Laura and I started making gingerbread houses each Christmas when she was in kindergarten.  Some of our more memorable creations were a 2-story house that had stained-glass windows (we lit it up each night, which was quite spectacular), a cottage with a thatched roof (wheaties), a couple of bird and squirrel friendly concoctions made out of suet instead of gingerbread, and finally in Laura's senior year of high school, we made our triumph: a replica of our house on Stanmore Drive. It was a beauty and even better, we spent a wonderful day together creating it.  Here is the recipe for dough and royal icing that worked best for us.
-Terry


INGREDIENTS

  • 5 cups all purpose flour
  • 1 teaspoon ground cinnamon
  • 1 tablespoon ground ginger
  • ½ teaspoon salt
  • ¾ cup granulated sugar
  • ¾ cup vegetable shortening
  • ½ cup molasses
  • ½ cup light corn syrup
  • 1½ tablespoons warm water

Royal Icing:
  • 4 cups sifted confectioners sugar
  • 3 level tablespoons meringue powder (find in craft stores and with cake decorating supplies)
  • 6 tablespoons water
  • Food coloring

INSTRUCTIONS

Preheat oven to 325°F degrees. Sift together dry ingredients in a large bowl, set aside. Whip shortening and sugar until light and fluffy. Add light corn syrup and molasses to sugar mixture, slowly, until thoroughly mixed.
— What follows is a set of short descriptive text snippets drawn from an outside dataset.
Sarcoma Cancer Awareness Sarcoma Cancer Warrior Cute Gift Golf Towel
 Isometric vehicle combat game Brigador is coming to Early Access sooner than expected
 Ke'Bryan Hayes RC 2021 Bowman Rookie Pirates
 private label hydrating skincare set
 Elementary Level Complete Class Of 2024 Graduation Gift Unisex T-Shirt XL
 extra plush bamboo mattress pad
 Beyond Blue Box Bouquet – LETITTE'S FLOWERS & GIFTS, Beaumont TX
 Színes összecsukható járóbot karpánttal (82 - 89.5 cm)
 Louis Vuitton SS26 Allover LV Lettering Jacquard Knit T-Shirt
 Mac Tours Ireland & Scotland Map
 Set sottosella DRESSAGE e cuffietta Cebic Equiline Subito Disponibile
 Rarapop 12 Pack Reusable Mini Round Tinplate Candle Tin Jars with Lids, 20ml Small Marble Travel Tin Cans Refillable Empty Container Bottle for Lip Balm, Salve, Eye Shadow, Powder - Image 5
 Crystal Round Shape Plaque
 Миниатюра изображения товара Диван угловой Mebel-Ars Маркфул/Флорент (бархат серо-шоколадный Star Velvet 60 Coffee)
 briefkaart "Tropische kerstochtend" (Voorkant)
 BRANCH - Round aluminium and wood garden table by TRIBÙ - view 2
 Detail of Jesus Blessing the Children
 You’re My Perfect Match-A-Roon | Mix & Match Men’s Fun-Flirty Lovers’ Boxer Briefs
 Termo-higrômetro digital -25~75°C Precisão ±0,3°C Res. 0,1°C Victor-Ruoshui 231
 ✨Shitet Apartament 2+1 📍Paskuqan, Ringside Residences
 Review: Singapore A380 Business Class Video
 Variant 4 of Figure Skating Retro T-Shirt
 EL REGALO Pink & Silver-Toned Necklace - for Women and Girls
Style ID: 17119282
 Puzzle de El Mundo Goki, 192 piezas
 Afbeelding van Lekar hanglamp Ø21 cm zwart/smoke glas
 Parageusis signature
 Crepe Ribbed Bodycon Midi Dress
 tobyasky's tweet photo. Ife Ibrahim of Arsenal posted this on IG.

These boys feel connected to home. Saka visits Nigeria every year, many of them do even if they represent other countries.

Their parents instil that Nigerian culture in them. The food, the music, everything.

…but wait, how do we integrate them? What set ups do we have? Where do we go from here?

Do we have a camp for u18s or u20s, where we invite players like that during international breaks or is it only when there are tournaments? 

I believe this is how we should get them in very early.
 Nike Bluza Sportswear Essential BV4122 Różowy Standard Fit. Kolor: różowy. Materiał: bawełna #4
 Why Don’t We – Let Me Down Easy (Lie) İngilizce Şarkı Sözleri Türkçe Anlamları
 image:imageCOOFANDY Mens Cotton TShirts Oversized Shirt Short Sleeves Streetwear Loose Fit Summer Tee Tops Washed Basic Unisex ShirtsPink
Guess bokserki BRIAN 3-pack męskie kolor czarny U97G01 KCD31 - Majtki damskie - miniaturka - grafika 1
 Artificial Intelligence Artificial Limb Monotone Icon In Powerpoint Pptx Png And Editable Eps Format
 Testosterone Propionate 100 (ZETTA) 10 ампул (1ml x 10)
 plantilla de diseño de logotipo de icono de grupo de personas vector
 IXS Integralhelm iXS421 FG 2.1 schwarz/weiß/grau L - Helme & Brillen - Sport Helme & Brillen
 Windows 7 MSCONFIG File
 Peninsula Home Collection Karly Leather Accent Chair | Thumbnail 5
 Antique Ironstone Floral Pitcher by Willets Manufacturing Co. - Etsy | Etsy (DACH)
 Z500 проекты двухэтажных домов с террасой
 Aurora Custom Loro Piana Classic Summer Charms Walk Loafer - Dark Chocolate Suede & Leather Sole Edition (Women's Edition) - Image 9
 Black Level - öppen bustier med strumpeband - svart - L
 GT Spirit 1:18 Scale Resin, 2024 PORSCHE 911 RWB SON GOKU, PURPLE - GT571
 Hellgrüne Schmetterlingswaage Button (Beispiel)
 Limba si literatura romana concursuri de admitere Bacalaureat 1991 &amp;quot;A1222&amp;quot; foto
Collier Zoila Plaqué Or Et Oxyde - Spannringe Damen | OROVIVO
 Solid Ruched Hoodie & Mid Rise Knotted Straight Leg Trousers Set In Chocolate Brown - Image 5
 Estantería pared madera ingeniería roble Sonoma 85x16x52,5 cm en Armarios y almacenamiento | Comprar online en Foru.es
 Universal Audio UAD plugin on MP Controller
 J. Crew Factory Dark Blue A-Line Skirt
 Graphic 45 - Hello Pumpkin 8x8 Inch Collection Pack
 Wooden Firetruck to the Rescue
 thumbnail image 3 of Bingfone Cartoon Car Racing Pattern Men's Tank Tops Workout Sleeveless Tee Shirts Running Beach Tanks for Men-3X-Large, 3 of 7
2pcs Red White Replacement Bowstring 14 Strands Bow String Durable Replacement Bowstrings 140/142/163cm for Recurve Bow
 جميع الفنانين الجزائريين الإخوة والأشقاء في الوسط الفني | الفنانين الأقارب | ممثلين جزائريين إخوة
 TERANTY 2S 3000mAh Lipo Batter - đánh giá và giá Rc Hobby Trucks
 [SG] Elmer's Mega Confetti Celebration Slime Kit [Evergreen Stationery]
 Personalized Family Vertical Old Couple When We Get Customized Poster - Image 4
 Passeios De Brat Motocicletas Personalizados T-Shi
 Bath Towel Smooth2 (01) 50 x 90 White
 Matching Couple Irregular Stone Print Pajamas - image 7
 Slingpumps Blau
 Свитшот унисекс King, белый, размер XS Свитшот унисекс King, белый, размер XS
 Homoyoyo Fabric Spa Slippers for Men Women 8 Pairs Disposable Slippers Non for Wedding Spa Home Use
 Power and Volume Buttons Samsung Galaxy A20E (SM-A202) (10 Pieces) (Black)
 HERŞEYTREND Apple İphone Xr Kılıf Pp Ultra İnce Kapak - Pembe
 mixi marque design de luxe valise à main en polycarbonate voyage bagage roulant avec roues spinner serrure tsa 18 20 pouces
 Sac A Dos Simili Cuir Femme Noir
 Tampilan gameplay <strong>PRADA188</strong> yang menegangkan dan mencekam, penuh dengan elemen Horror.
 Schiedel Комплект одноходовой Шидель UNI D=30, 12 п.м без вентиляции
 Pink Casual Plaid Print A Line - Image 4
Add warm water. You can add dry ingredients to mixer and knead with a dough hook, or transfer wet ingredients to large bowl of dry ingredients and knead for 10 minutes.  Put dough in a large plastic bag for 1 hour to rest. Although it is best when used same day, the dough will keep for a week at room temperature or a month in the refrigerator.

Roll dough evenly onto a piece of tin foil (big enough to fit onto a cookie sheet) 1/8 - 1/4 inch thickness. Use copper cutters to make cottage shapes and peel up unused dough. Place foil on cookie sheet being careful not to disturb cut pieces and bake 15-20 min. until edges are golden brown. Remove from oven and let cool on a flat surface. Once baked, the cottage will last for years if stored in a plastic bag. Makes 2-3 cottages.

Make Royal Icing: Combine meringue powder and water, beat with an electric mixer on medium speed until soft peaks form. Add sugar and continue to beat for 7 minutes. Add food coloring to tint. Keep covered when not using, since royal frosting will begin to harden when exposed to air.

Decorate the gingerbread pieces while laying flat. Gravity will work to your advantage, and you'll have more control. Assemble the house with heavy frosting by adding more powdered sugar. Use various size tips to create the degree of detail you are looking for.